Dolly was quickly bored with the hot tub. She wanted to get back in the pool. A woman in a hotel uniform — khaki pants and a dark-green polo shirt — came into the pool area from the lobby, rolling an enormous garbage can beside her. She went around the pool and out a glass door on the other side. There was a little patio out there. It was cloudy. Looked like rain.
“OK,” I said. “We can get in the pool.”
Our fingers were pruned, but I didn’t want to say no, so I was giving in. I’d been giving in ever since I’d fucked up with Madeline on the way to the hotel: We’d decided to stop at Starbucks. My wife didn’t drink coffee, but she wanted a frothy hot chocolate with whipped cream, and our child wanted one, too — or thought she did. She could never drink hot drinks. She’d take a sip and say, “It burns. It burns.” So we stopped at Starbucks. I wanted some coffee anyway.
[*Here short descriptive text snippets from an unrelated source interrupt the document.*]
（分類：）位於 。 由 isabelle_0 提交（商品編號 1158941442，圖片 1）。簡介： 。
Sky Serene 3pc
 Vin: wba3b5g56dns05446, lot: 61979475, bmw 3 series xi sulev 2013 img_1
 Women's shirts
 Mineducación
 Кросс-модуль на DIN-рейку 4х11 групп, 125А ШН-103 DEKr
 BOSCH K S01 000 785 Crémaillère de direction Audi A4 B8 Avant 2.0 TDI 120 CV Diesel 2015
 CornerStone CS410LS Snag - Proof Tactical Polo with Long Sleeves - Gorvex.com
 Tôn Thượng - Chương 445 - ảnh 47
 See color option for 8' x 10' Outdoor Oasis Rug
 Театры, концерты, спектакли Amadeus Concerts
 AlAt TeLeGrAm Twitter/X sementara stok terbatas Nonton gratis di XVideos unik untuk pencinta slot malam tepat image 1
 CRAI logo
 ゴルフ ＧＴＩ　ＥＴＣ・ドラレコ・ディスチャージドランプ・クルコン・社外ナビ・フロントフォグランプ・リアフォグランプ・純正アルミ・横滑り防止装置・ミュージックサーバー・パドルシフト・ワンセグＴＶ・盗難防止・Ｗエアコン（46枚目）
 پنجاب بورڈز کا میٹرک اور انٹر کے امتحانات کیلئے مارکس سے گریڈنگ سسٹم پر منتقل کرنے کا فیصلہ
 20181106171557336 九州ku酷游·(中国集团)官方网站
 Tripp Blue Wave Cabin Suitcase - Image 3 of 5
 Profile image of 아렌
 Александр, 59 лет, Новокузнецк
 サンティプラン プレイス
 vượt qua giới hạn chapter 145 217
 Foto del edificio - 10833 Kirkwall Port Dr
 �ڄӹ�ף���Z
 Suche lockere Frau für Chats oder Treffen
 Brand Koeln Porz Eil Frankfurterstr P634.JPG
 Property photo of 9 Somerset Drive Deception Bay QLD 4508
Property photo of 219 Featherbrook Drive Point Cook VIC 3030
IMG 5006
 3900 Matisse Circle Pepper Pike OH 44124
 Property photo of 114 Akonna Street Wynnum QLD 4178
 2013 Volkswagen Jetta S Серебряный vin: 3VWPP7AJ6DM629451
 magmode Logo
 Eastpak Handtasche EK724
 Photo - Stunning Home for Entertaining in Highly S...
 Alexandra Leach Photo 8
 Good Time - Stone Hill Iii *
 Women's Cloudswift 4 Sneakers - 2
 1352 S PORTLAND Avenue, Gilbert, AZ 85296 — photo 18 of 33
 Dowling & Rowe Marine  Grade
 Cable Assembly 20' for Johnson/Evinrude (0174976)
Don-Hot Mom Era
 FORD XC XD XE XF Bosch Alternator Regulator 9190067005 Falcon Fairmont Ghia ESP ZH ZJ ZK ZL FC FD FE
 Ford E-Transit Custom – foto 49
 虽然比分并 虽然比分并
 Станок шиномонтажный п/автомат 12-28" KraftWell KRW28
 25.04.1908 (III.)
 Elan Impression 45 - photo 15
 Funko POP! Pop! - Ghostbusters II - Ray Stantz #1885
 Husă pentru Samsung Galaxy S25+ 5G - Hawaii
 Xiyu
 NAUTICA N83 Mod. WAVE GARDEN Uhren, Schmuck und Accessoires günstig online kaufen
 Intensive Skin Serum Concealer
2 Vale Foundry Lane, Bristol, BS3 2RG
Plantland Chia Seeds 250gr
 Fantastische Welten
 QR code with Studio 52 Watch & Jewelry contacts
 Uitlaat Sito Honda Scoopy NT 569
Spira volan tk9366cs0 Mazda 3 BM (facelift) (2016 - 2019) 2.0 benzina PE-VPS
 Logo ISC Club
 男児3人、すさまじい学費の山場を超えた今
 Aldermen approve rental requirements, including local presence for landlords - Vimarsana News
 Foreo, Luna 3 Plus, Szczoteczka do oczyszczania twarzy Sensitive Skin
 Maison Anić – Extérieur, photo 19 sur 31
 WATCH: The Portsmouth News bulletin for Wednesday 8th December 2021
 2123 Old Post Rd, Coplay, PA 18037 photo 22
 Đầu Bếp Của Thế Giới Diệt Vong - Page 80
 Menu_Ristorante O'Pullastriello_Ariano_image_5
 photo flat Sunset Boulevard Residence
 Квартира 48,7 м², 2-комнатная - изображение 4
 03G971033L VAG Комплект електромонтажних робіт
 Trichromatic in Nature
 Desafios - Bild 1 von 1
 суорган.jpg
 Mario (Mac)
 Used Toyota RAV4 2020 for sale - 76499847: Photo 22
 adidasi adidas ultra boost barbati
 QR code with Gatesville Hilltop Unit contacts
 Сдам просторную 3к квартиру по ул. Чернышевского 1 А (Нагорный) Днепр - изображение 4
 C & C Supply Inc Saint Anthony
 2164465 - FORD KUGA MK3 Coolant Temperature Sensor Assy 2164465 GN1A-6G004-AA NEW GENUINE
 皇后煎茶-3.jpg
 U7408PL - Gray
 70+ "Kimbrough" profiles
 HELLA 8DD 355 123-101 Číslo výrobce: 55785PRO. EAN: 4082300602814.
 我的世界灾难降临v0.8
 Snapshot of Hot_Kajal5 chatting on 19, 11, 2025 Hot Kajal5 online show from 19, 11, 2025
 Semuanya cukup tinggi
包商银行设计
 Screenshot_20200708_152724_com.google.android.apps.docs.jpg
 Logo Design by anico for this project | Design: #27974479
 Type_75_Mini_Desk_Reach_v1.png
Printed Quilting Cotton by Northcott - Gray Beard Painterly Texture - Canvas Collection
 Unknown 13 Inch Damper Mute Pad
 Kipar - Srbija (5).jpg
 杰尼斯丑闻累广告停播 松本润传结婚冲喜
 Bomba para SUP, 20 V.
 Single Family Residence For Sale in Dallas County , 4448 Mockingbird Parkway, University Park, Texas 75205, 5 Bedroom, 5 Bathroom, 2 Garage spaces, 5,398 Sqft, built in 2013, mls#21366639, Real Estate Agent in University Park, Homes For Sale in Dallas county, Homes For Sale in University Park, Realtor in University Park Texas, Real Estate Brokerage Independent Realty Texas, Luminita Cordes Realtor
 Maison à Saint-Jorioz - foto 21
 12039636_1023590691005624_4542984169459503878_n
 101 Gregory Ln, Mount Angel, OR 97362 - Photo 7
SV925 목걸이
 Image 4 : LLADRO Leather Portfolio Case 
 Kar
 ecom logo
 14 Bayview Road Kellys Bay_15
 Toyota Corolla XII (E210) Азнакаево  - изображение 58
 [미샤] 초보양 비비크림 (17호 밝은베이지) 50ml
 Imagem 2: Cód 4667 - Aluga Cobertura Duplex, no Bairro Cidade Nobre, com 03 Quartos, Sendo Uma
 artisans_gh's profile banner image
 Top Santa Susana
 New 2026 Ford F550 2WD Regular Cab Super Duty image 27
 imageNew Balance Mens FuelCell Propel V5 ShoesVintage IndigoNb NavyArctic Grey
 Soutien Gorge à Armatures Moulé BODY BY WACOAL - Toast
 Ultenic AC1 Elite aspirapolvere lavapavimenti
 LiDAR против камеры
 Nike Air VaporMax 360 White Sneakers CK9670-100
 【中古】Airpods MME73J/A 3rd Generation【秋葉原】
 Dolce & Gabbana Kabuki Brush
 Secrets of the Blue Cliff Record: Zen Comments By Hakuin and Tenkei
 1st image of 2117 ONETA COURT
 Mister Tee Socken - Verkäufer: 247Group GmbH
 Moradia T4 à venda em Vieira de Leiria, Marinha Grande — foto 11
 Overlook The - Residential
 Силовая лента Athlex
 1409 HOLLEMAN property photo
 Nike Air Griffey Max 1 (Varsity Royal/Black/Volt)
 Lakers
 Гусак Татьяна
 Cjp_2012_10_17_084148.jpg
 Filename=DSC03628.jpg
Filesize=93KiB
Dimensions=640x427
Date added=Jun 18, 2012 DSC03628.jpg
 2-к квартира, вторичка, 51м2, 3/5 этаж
I always wanted some coffee. Life was barely enough to keep me awake anymore. So we had to take a little detour. We turned on the radio. It was Thanksgiving, and there was Christmas music on: “Let It Snow.” My wife liked “Let It Snow.” I mean, she really liked “Let It Snow,” and I did, too. Even Dolly liked it. We sang along: When we finally kiss good night / How I’ll hate going out in the storm / But if you’ll really hold me tight / All the way home I’ll be warm. As we pulled into the parking lot, the song ended, and Madeline said, “I’ve always liked that idea.”
“What idea?” I asked.
“That a kiss could keep you warm all the way home.”
I parked. “Too bad it’s a falsehood,” I said.
I said this because I thought the conversation was about an idea she’d liked in her youth and had subsequently outgrown. I hadn’t understood, until after I’d said it, that the conversation had in fact been about something she found romantic. This was stupid on my part. Wading back into the cold water with my four-year-old daughter, I marveled at my stupidity. Because I could have just said, “I’ll keep you warm, baby,” and we could have gone on attempting to have a lovely time, like we were fine, like everything was fine, like there was no dead baby, like marriage wasn’t hard. But instead of saying the romantic thing, I had felt compelled to say the thing that was true. I’d said it as we were getting out of the car, and then, once we were standing outside the car, I saw the astonished, hurt look on Madeline’s face and was totally baffled by the sudden shift in her mood.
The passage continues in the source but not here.